Short web captions =
• • • • • • •
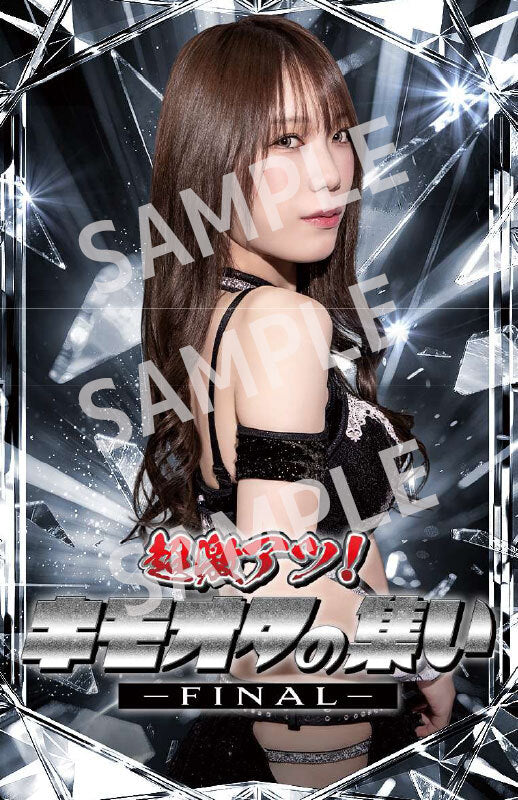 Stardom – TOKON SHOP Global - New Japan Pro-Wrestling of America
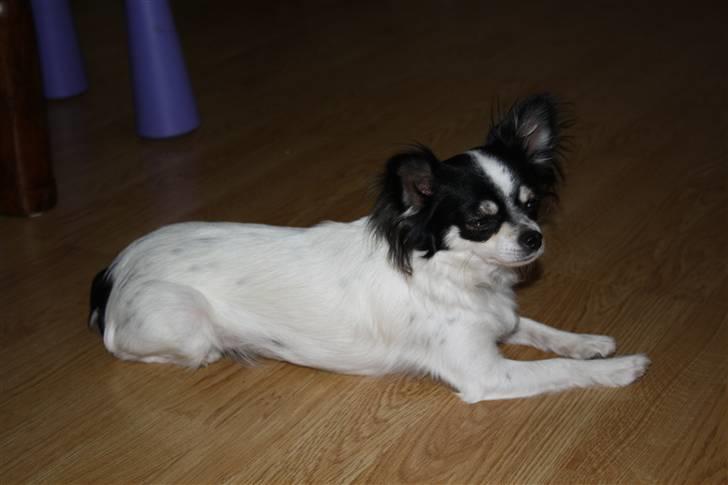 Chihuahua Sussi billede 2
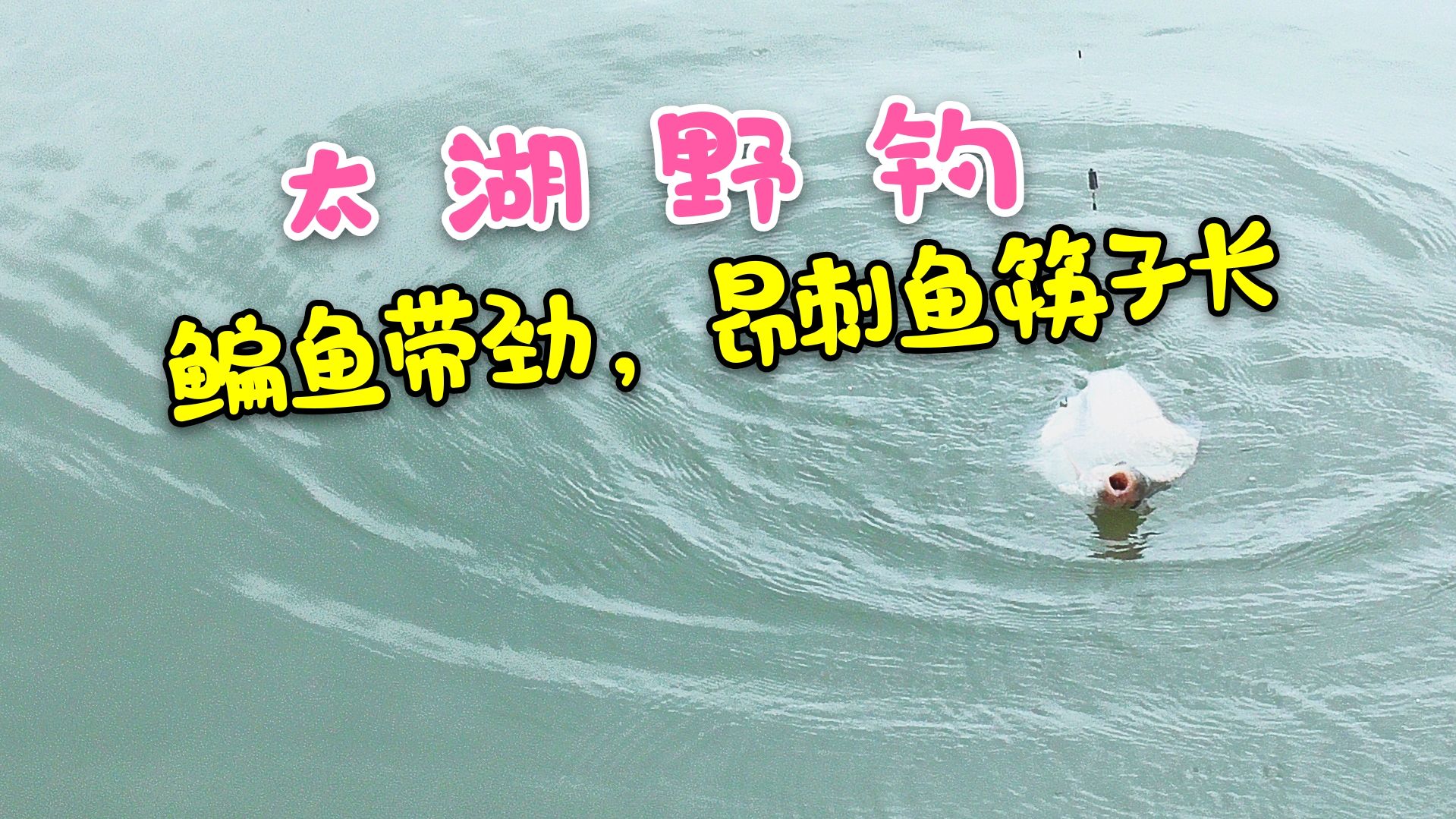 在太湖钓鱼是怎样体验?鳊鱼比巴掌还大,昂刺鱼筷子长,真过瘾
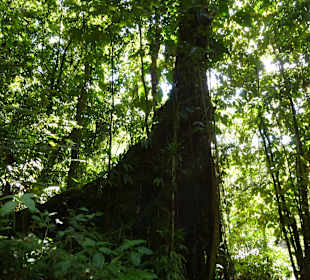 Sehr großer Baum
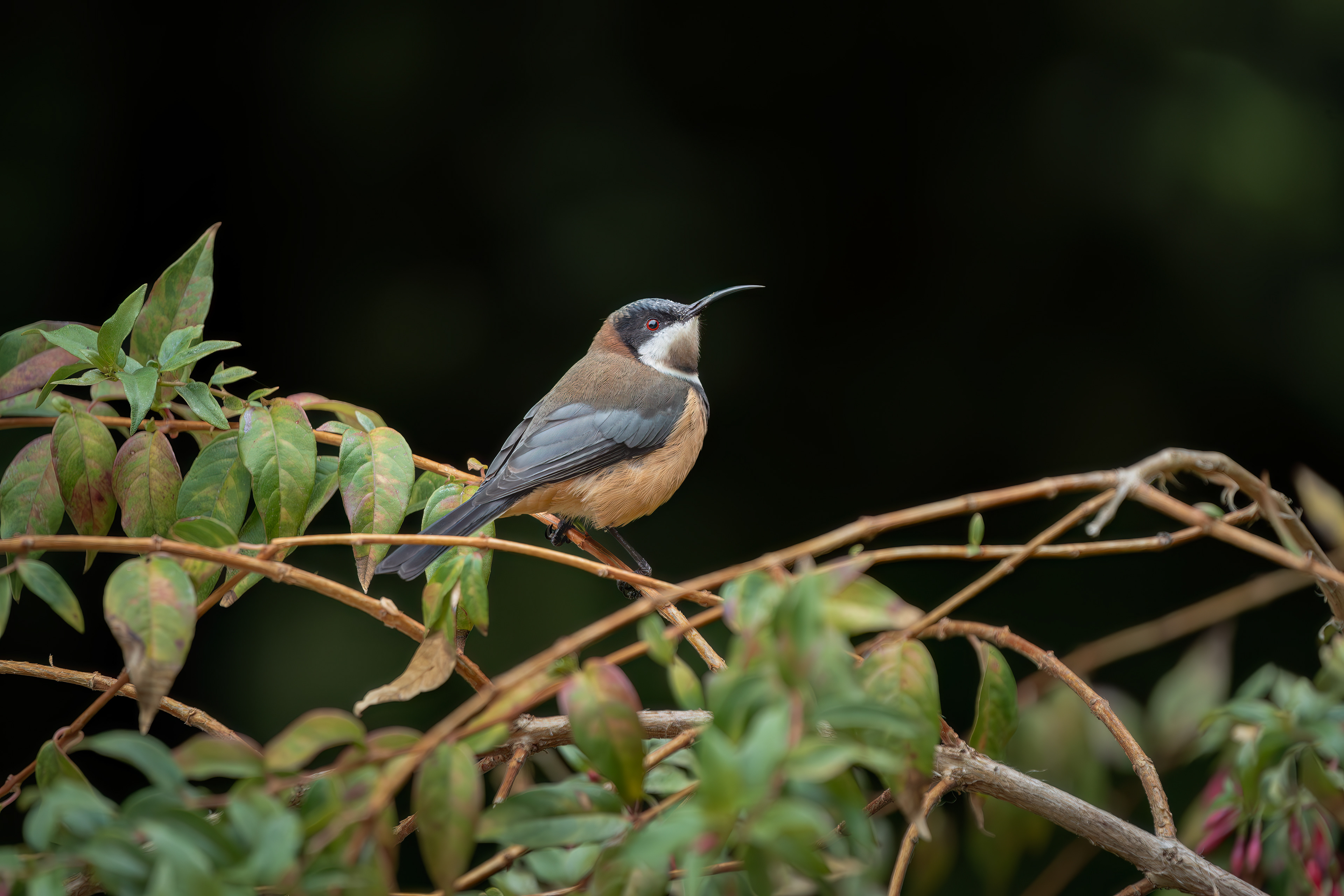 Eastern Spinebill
• • • • • • •
Work item =
What is the exact wording of the lines from the one bearing "Chihuahua Sussi billede 2" through the final line of the records above? Write it out without the pictures.

Task solution =
 Chihuahua Sussi billede 2
 在太湖钓鱼是怎样体验?鳊鱼比巴掌还大,昂刺鱼筷子长,真过瘾
 Sehr großer Baum
 Eastern Spinebill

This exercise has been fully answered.